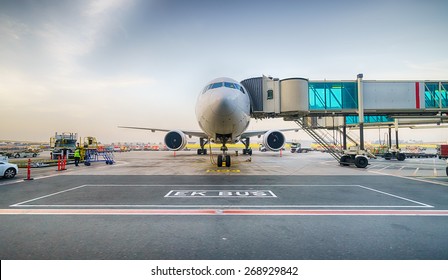Jet aircraft docked in Dubai international airport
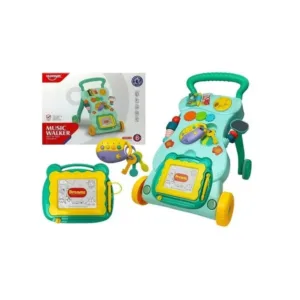 Antepremergator multifunctional pentru bebe cu centru de activitati turcoaz LeanToys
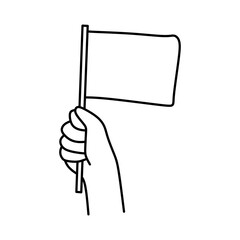 firm hand holding flag line art icon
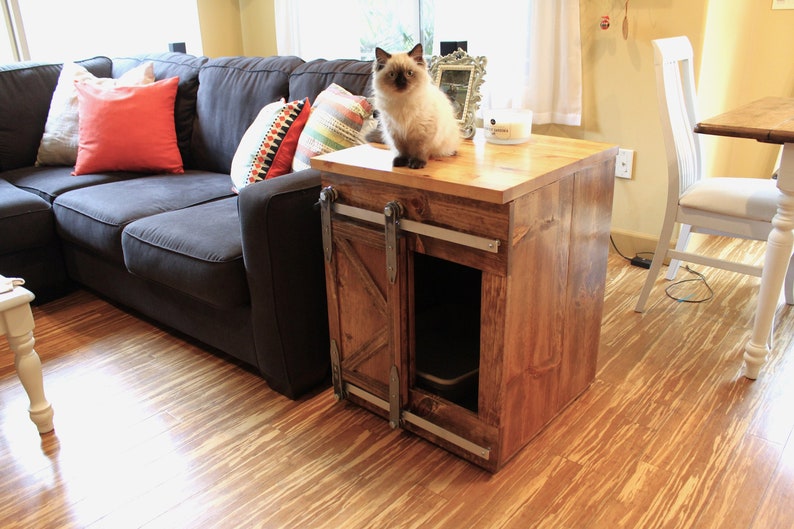 Cat Litter Box Enclosure with sliding barn door in modern farmhouse rustic style in solid wood and handmade in USA image 1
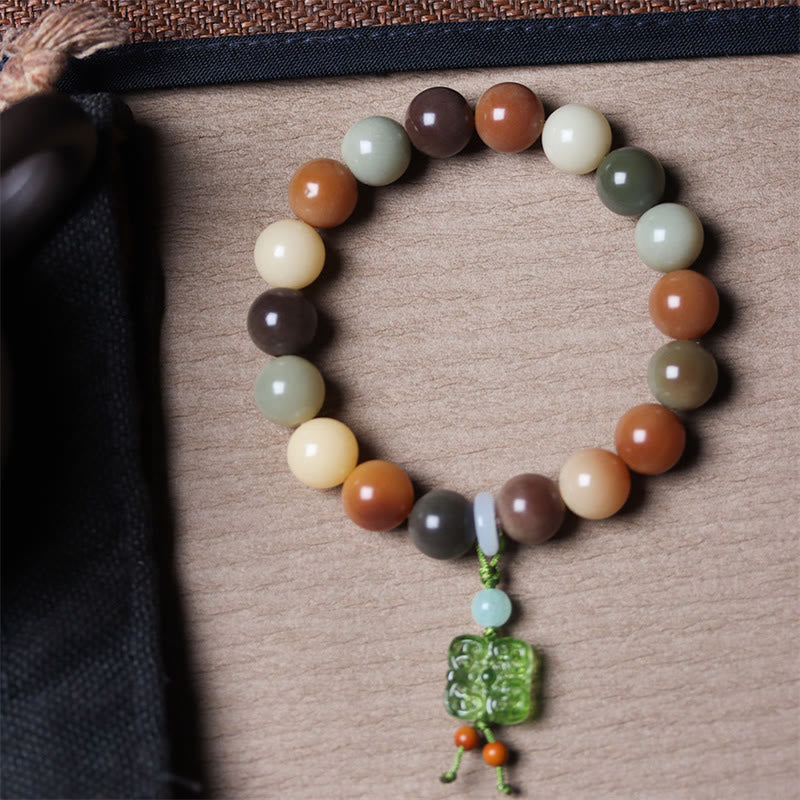 KarmaRipple's Authentic Multicolored Gradient Bodhi Seed Liuli Glass Talisman Peace Bracelet p13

____

THE PROBLEM –
Repeat each line above exactly as it reads, omitting any pictures.

RESULT OF THIS TASK –
Jet aircraft docked in Dubai international airport
 Antepremergator multifunctional pentru bebe cu centru de activitati turcoaz LeanToys
 firm hand holding flag line art icon
 Cat Litter Box Enclosure with sliding barn door in modern farmhouse rustic style in solid wood and handmade in USA image 1
 KarmaRipple's Authentic Multicolored Gradient Bodhi Seed Liuli Glass Talisman Peace Bracelet p13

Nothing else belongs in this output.